While the methods and techniques of the present invention have been described in terms of preferred embodiments, it will be apparent to those of ordinary skill in the art that variations and/or modifications of the methods and techniques described herein may be made without departing from the spirit and scope of the invention.

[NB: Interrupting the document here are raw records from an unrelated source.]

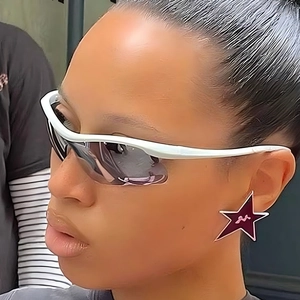 Silver sports sunglasses with white frame and purple star-shaped detail in outdoor street style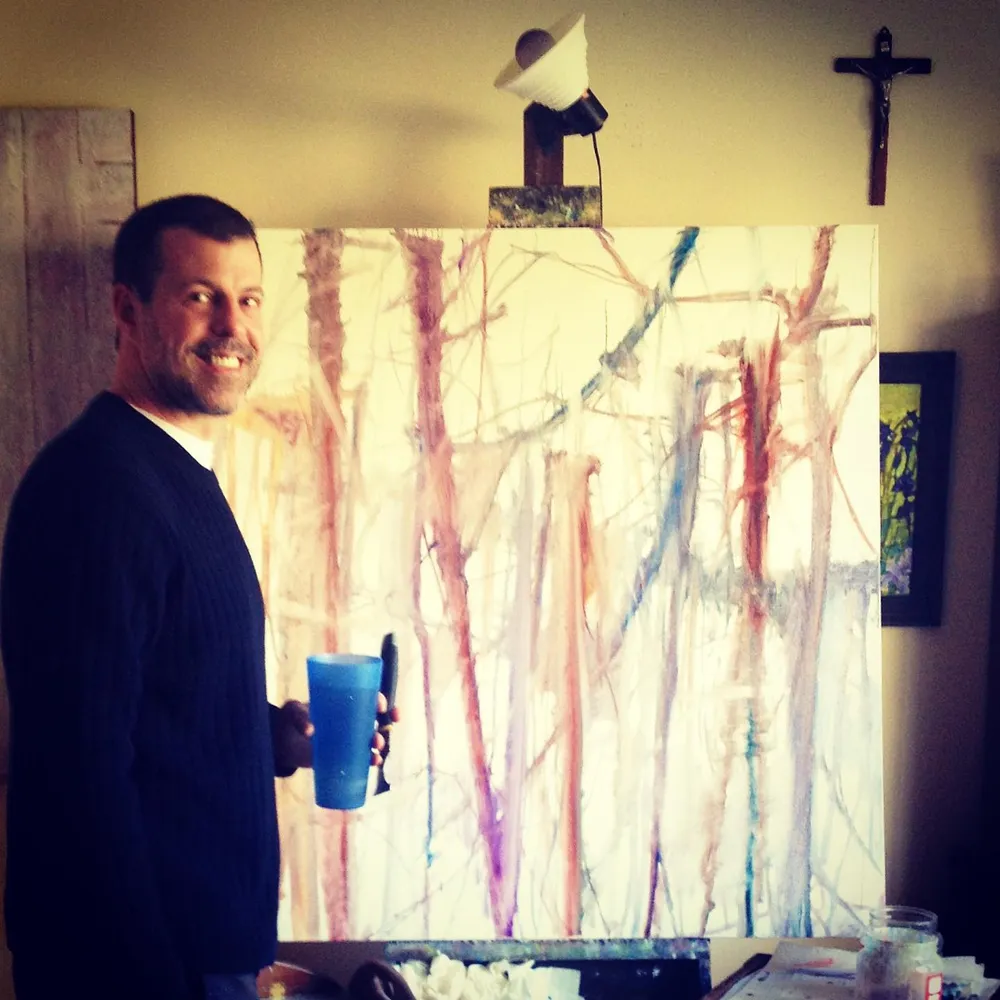 Alan Robinson in his studio with large-scale oil canvases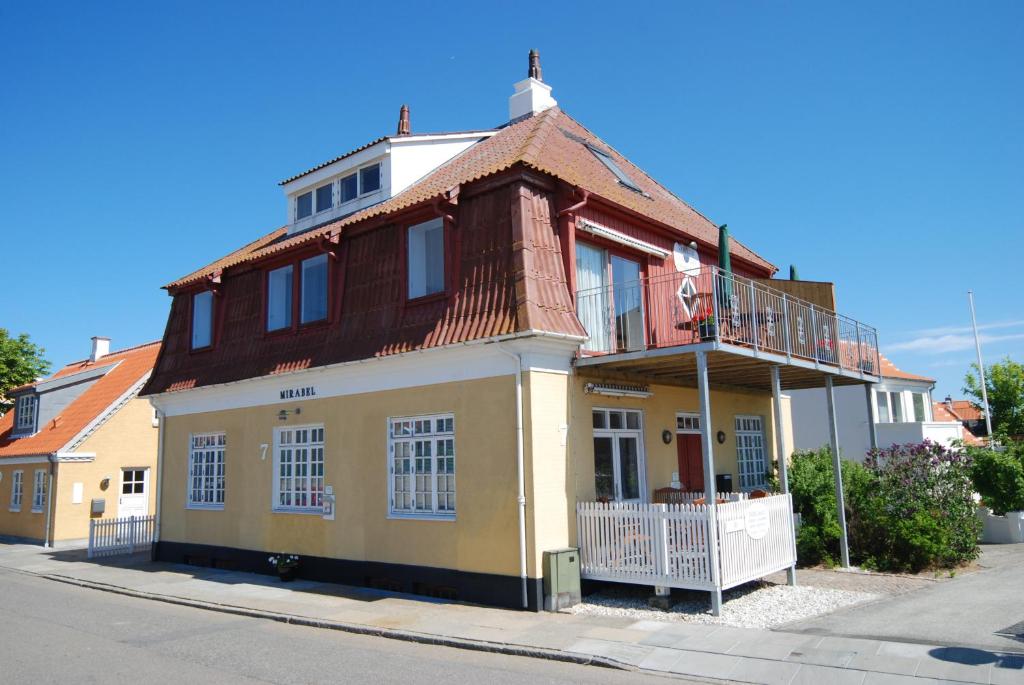 a large yellow house with a balcony on a street at Skagen Room in Skagen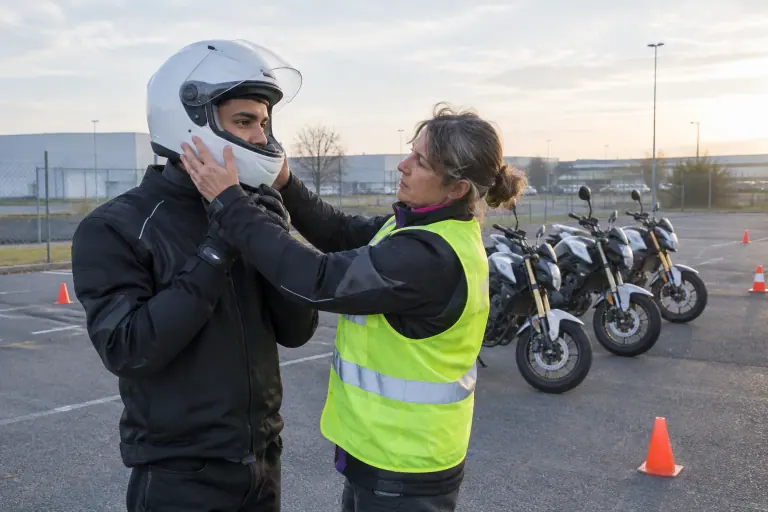 Sur le parking d’une moto-école, une monitrice vérifie le maintien du casque intégral blanc d’entrée de gamme d’un jeune élève avant la leçon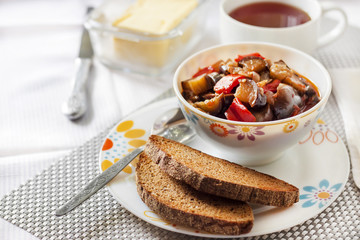 Vegetable sauté with eggplant, red pepper and tomatoes, and toasted rye bread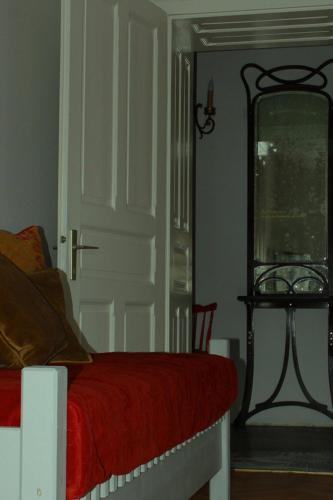 a bedroom with a bed with a red blanket and a mirror at Altstadthaus Cityappartements in Graz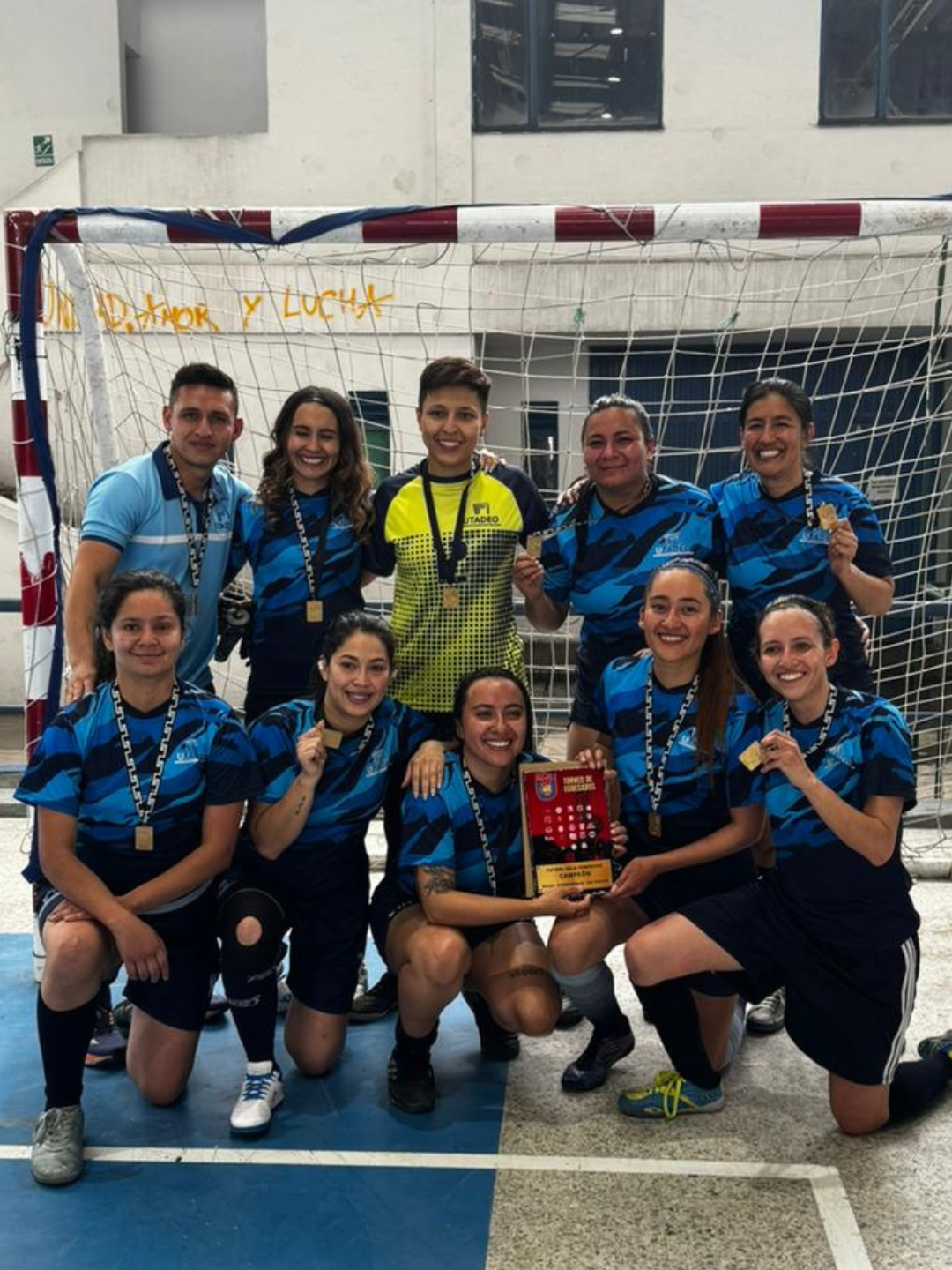 Jugadores del equipo femenino de fútbol de salón posando junto al trofeo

It is expressly intended that all such similar substitutes and modifications apparent to those skilled in the art are deemed to be within the spirit, scope and content of the invention.

Claims (7)

1. A palladium, platinum catalyst characterized by: the catalyst is represented by a formula A-C/B, wherein A-C is an active component, and A is one of metal palladium and metal platinum; c is a carbonate of Li, Na, K, Mg, Ca, La; b is a carrier which is alumina with a nano-sheet structure or a molecular sieve with a nano-sheet structure; the total loading capacity of the active components A-C in the catalyst is 1.05-60%, the loading capacity of the metal A in the catalyst is 0.05-10 wt%, and the loading capacity of the metal C in the catalyst is 1-50 wt%.

2. The catalyst of claim 1, wherein: b in the formula A-C/B is a nano-sheet type multi-stage pore carrier which is one of nano-sheet structured alumina and a molecular sieve.

3. The catalyst of claim 1, wherein: b in the formula A-C/B is a nano-sheet type multi-stage pore carrier which is one of nano-sheet structured alumina and a molecular sieve; it is characterized in that the specific surface area is 150-600m²The pore structure comprises micropores, mesopores and macropores.

4. The catalyst of claim 1, wherein: the preferable loading of C in the catalyst is 5-20 wt%; the preferred loading of A in the catalyst is 0.1-5 wt%.

5. A process as claimed in claim 1The preparation method of the catalyst is characterized by comprising the following steps: impregnating soluble salt solutions of active components A and C on a carrier, drying at the temperature of 100-160 ℃, and roasting in the air; the roasting temperature is 300-600 ℃, and the roasting time is more than or equal to 2 hours; after the baking, at H₂The reduction is carried out under the condition that the space velocity is 10-100.

6. The application of the palladium and platinum catalyst in the decarbonylation of furfural to prepare furan is characterized in that: the reaction for preparing furan by decarbonylation of furfural is carried out on a fixed bed, the purity of the reaction raw material furfural is 50-99%, the airspeed of furfural is 0.5-10, and H is₂The space velocity is 10-100, and the temperature is raised to the reaction temperature of 200 ℃ and 400 ℃.

7. Use according to claim 6, characterized in that: the reaction temperature is 200 ℃ and 400 ℃, H₂The space velocity is 10-100.